* **What you will do**: Please keep the images out and set down the data exactly as given.

* **Supplied information**:

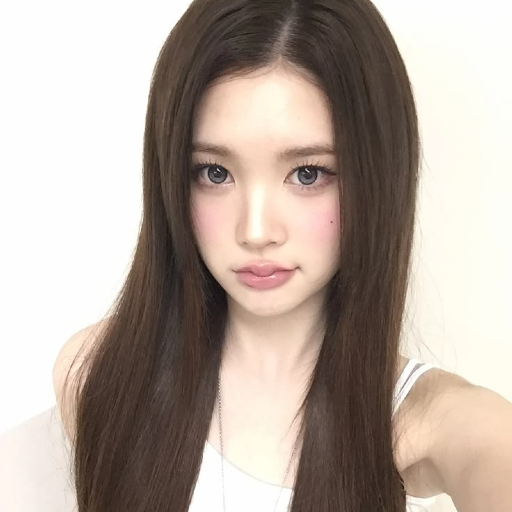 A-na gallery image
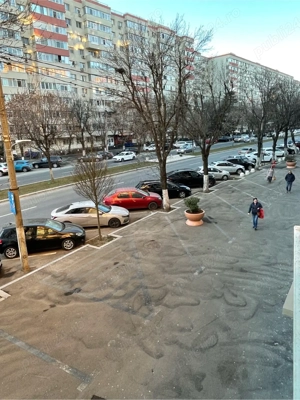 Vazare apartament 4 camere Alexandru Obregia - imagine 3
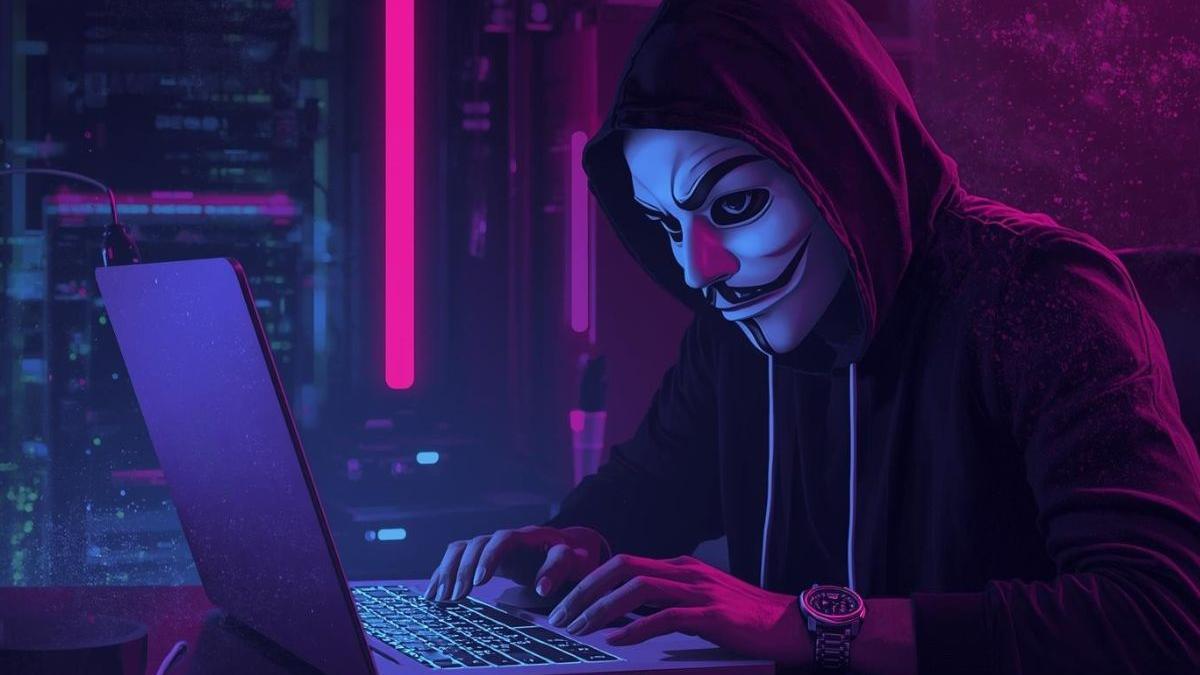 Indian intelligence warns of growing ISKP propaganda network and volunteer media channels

* **Solution for this problem**:
 A-na gallery image
 Vazare apartament 4 camere Alexandru Obregia - imagine 3
 Indian intelligence warns of growing ISKP propaganda network and volunteer media channels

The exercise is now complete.